On May 1, 2023, the following letter was shared with Illumina’s shareholders in connection with Illumina’s 2023 Annual Meeting of Stockholders:



VOTE USING THE WHITE PROXY CARD TODAY IN SUPPORT OF ILLUMINA’S NINE HIGHLY QUALIFIED DIRECTORS


May 1, 2023

Dear Shareholder,

Our Board of Directors remains committed to delivering value to shareholders and executing our innovation roadmap. We thank you for your continued trust and investment at this crucial juncture.

Over the last two and a half decades, Illumina has maintained leadership in research and clinical genomics. Illumina leads the Next-Generation Sequencing (NGS) industry and is an important player and driver of innovation, as demonstrated by products like NovaSeqTM X, a revolutionary sequencer. We are the only pure-play genomics company with profitable revenue growth.


Illumina has a proven strategy to penetrate markets and catalyze new opportunities

Innovation has been key to our success over the last 25 years. Our continuous innovation has enabled new applications across multiple vectors, expanding the genomics diagnostic tools market and our leadership position.

We have scaled profitable growth through a four-point playbook: 1) deliver breakthrough technology to win sequencing business, 2) deliver end-to-end services in large clinical markets, 3) accelerate clinical adoption, and 4) innovate to create new addressable markets. Our consistent application of this strategy reinforces and expands our global leadership position in genetic sequencing, keeping us at the forefront of genomics.

We have dramatically increased the affordability, efficiency, and accuracy of genomic sequencing across the world with the launch of the NovaSeqTM X Series, our latest high-throughput instrument. We expect the launch of NovaSeqTM X, the execution of our strategic playbook, and our commitment to managing costs, will deliver long-term Core Illumina revenue growth in the mid-teens and non-GAAP operating profit growth in the high teens.

We are proud of the advances we have made to maximize patient impact, empower genomic breakthroughs, and deliver significant value to shareholders.

For Illumina to continue on this proven path to success, it is crucial that you vote this year for Illumina’s nominees to the Board of Directors. We request our shareholders to use the WHITE proxy card to vote FOR only Illumina’s nine highly qualified nominees. Your vote FOR our nominees using the WHITE card is critically important – no matter how many or how few shares you may own. As you may have heard, activist investor Carl Icahn has launched a self-serving and deliberately misleading campaign against our company, and we urge you to discard any gold proxy card you may have received from Icahn’s group and only vote the WHITE proxy card.





Strong NovaSeqTM X shipments exceeded expectations and drove solid first quarter results and Illumina commits to further reduce costs and accelerate expansion of operating margins

On April 25, the company reported first quarter financial results for fiscal year 2023 that exceeded analysts’ estimates. Our results showed particularly strong demand for NovaSeqTM X and sequential revenue growth.
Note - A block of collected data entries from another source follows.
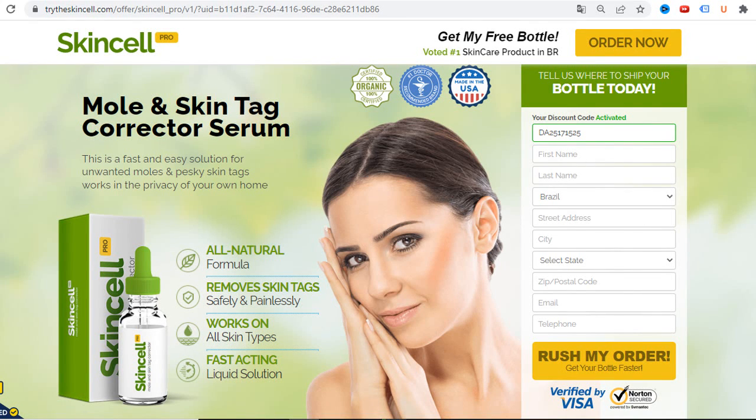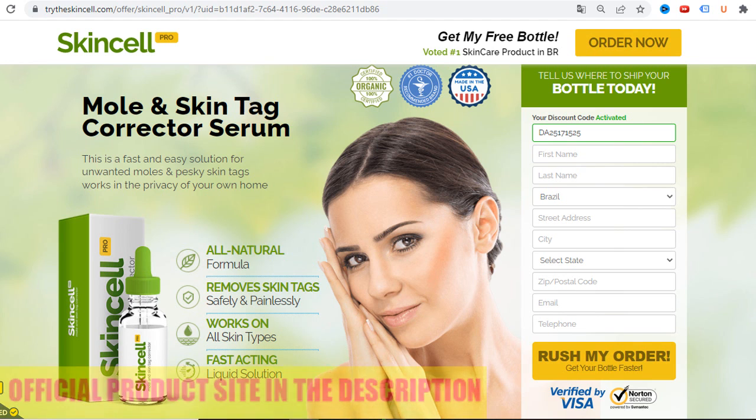Hello, how are you? In this video, I will review SkinCell Pro. Maybe you are someone who has skin problems such as skin tags, dark moles, light moles, small warts or big warts. So can SkinCell Pro solve all these problems? Let's find out.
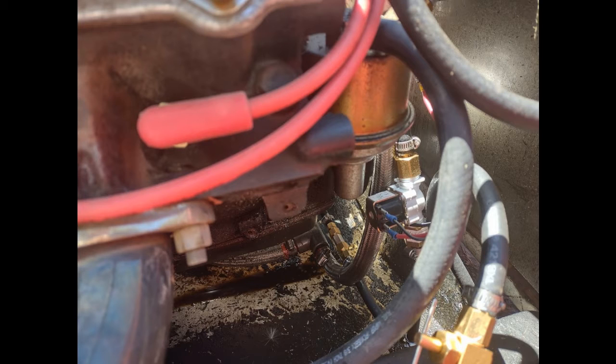Right here you can see the 12-volt on/off water solenoid I put in there. That was $9 off Amazon — it's a dishwasher part made for, I think, a GE dishwasher. 12 volts: boom, solenoid opens. No 12 volts: solenoid closes. It shuts off completely, so it only turns on when I hit the throttle. I let off the throttle, it turns off.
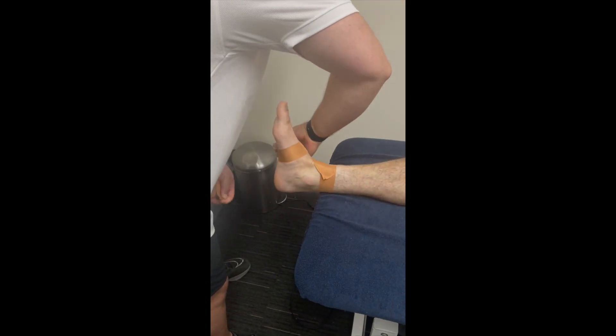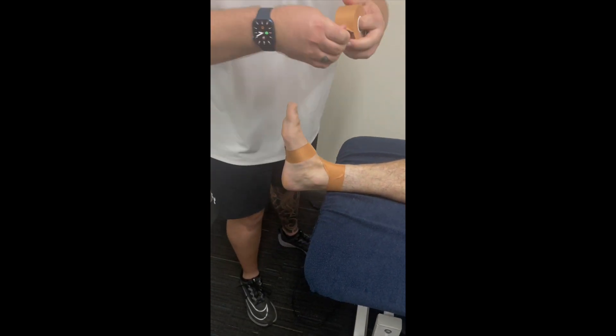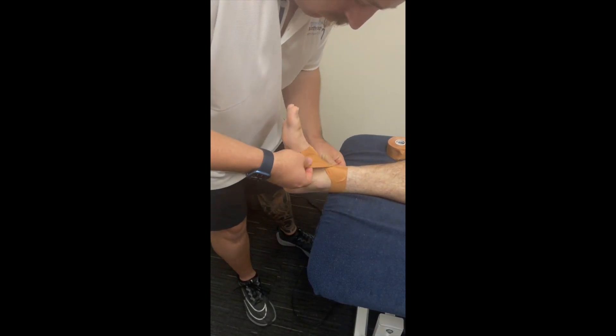Today's Taping Tuesday is an ankle plantar flexion block. This is useful for those who are experiencing posterior impingement of the ankle joint.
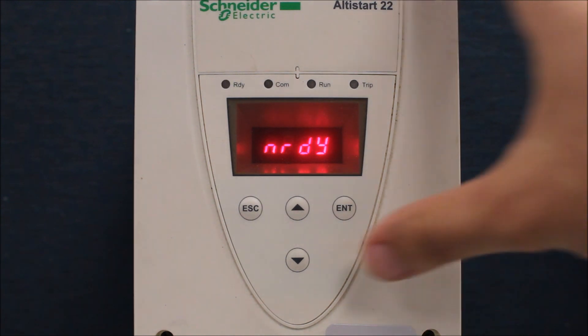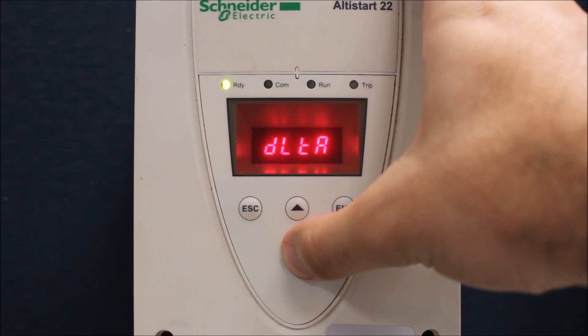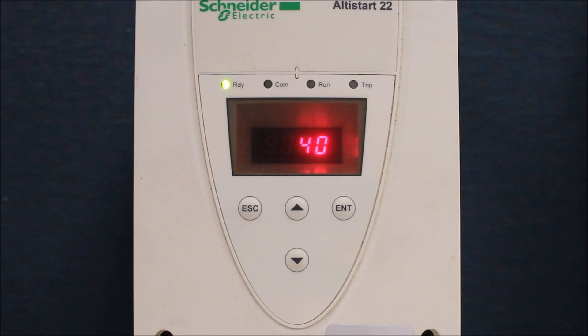Just to confirm how to program your motor FLA rating: go to the third configuration, scroll down to IN, and this value should match what the motor FLA is — that is parameter IN.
The company also announced a commitment to further reduce annualized run-rate expenses by more than $100 million beginning later in 2023. In addition, we committed to achieving Core Illumina non-GAAP operating margins of 25% in 2024 and 27% in 20251, while maintaining investment in the key elements of our innovation roadmap.

We continue to see strong demand and expect Core Illumina revenue to ramp sequentially throughout 2023. For the 2023 fiscal year, we reiterated consolidated revenue guidance of 7% to 10% growth from 2022, including Core Illumina revenue growth of 6% to 9% and GRAIL revenue in the range of $90 million to $110 million.

We are focused on delivering durable results through a balanced investment approach in breakthrough innovations for future growth, while delivering operating leverage through disciplined expense management across the organization.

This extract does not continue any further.